_The task_. Retype the entries, please, from their first line to the line containing "Akabane bridge intersection and Tokyo Tower Akabane", exactly and only those lines, minus the pictures.

_Dataset extract_.
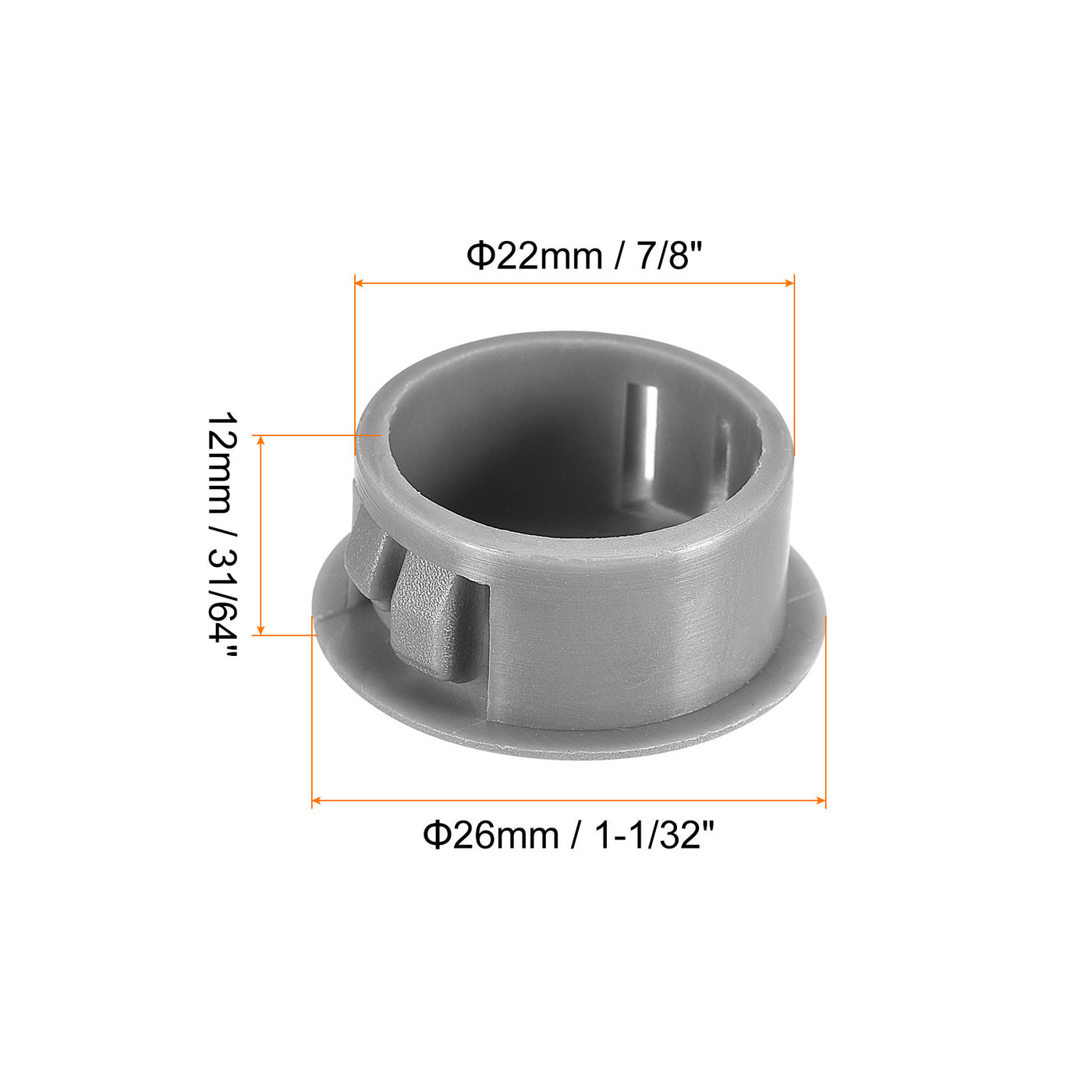 uxcell Uxcell 36 Stück 7/8" Kunststoff Loch Stopfen Flächenbündige Platte Runde Schnappverschluss Befestigung Knockout Verriegelung Stecker für Möbeleinsatz Endkappen Paneele Grau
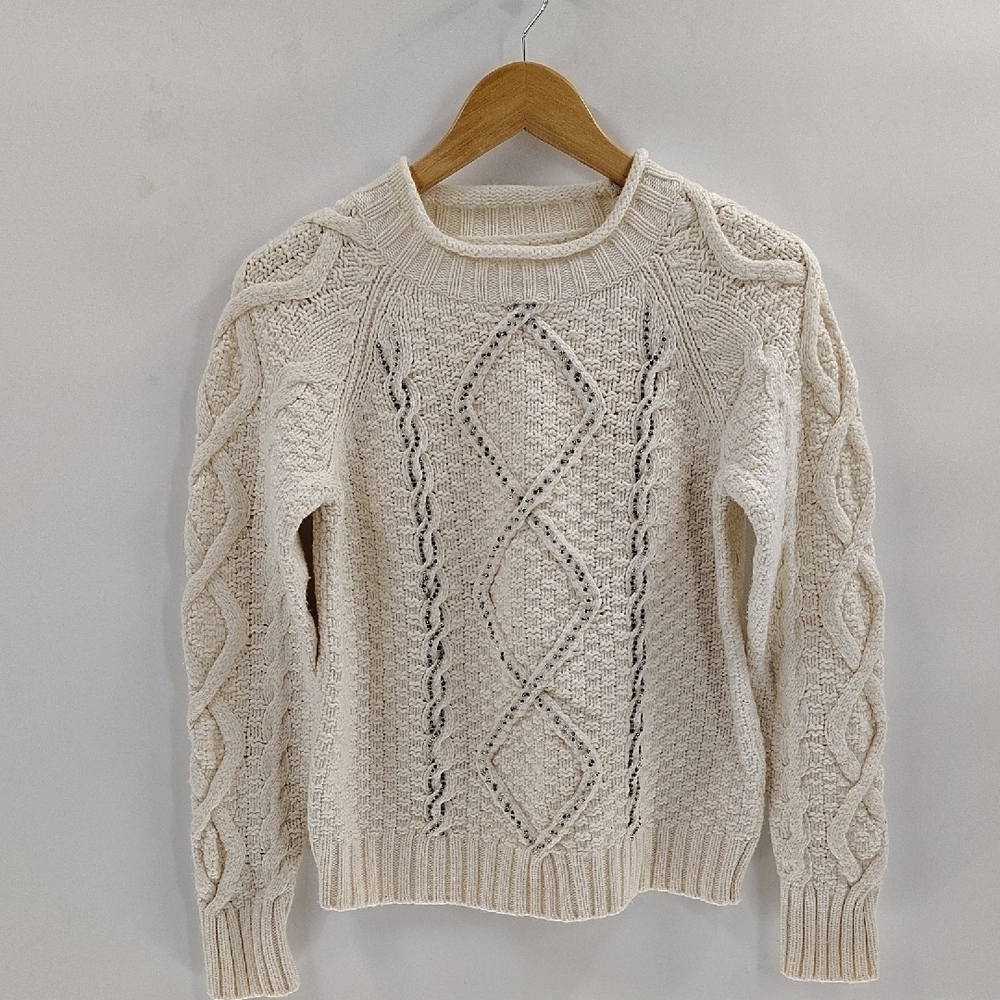 J. Crew chunky off white sweater size large long sleeve w embellishments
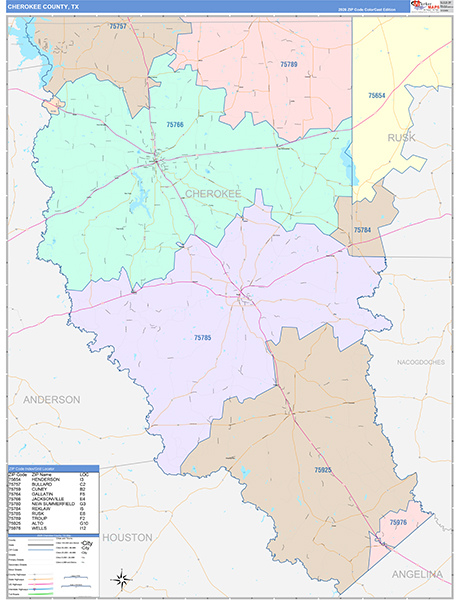Cherokee County, TX Zip Code Map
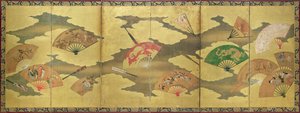 Avointen ja suljettujen fanien koristelu, Momoyama-kausi (1568-1615) tekijältä Unbekannt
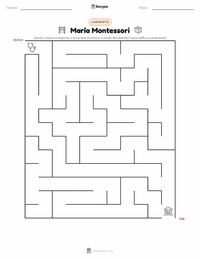 Vista previa de la hoja de trabajo imprimible de Maria Montessori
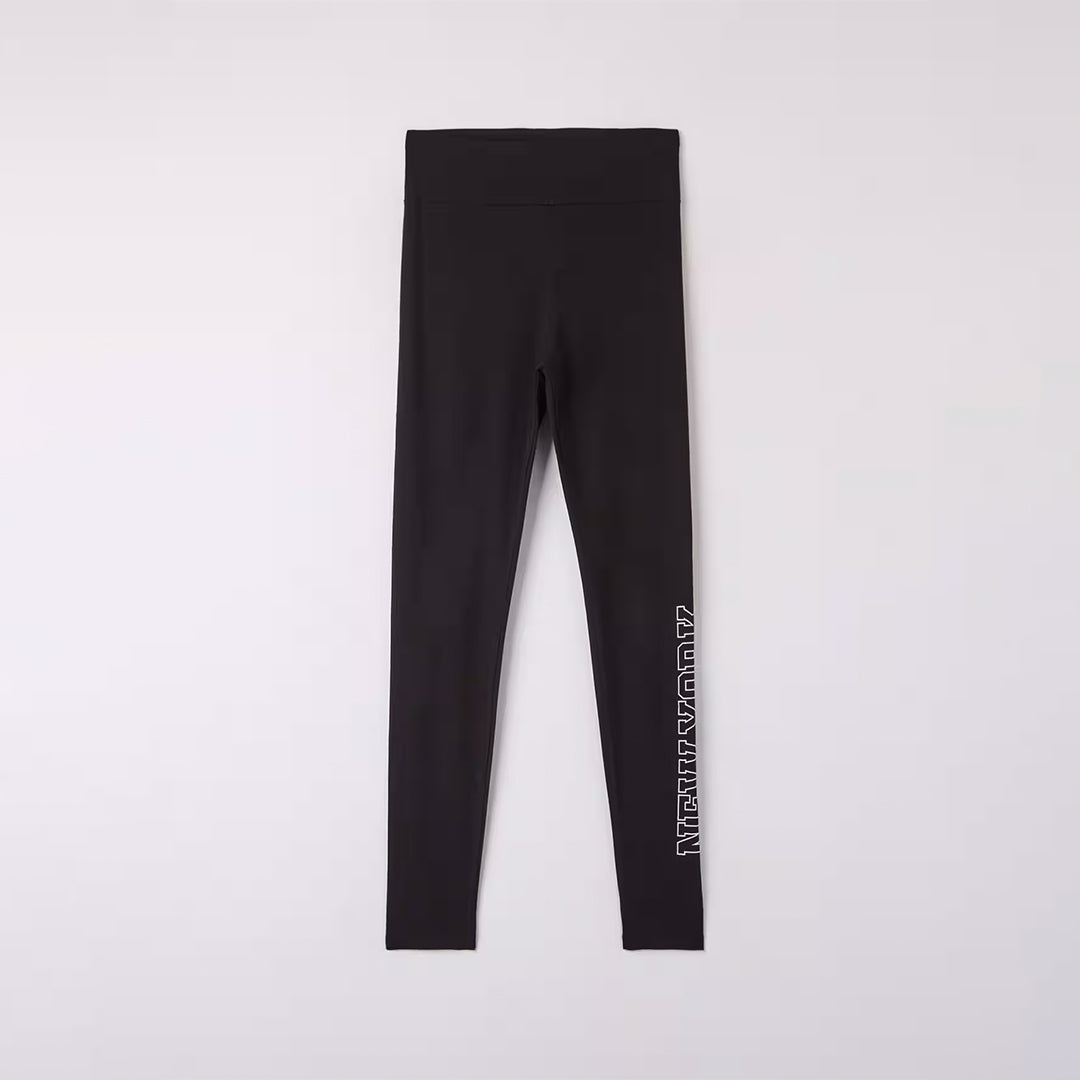 Long High-Waisted Leggings with Lettering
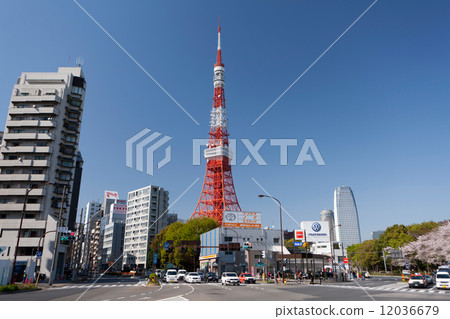 Akabane bridge intersection and Tokyo Tower Akabane bridge intersection and Tokyo Tower 12036679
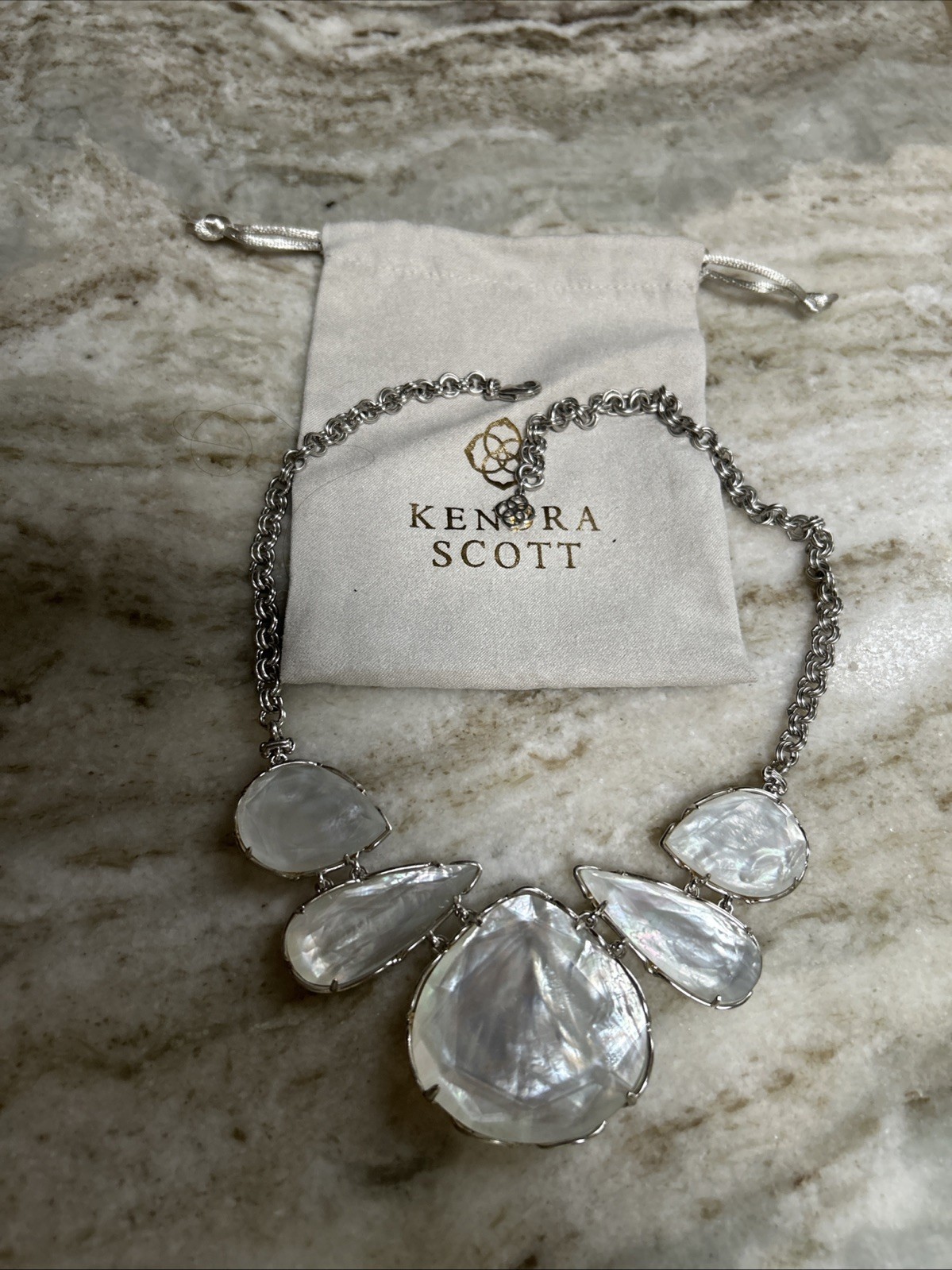 Kendra Scott Kenzie Statement Necklace Silver Ivory Pearl $198 Wedding Formal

_Exercise output_.
 uxcell Uxcell 36 Stück 7/8" Kunststoff Loch Stopfen Flächenbündige Platte Runde Schnappverschluss Befestigung Knockout Verriegelung Stecker für Möbeleinsatz Endkappen Paneele Grau
 J. Crew chunky off white sweater size large long sleeve w embellishments
Cherokee County, TX Zip Code Map
 Avointen ja suljettujen fanien koristelu, Momoyama-kausi (1568-1615) tekijältä Unbekannt
 Vista previa de la hoja de trabajo imprimible de Maria Montessori
 Long High-Waisted Leggings with Lettering
 Akabane bridge intersection and Tokyo Tower Akabane bridge intersection and Tokyo Tower 12036679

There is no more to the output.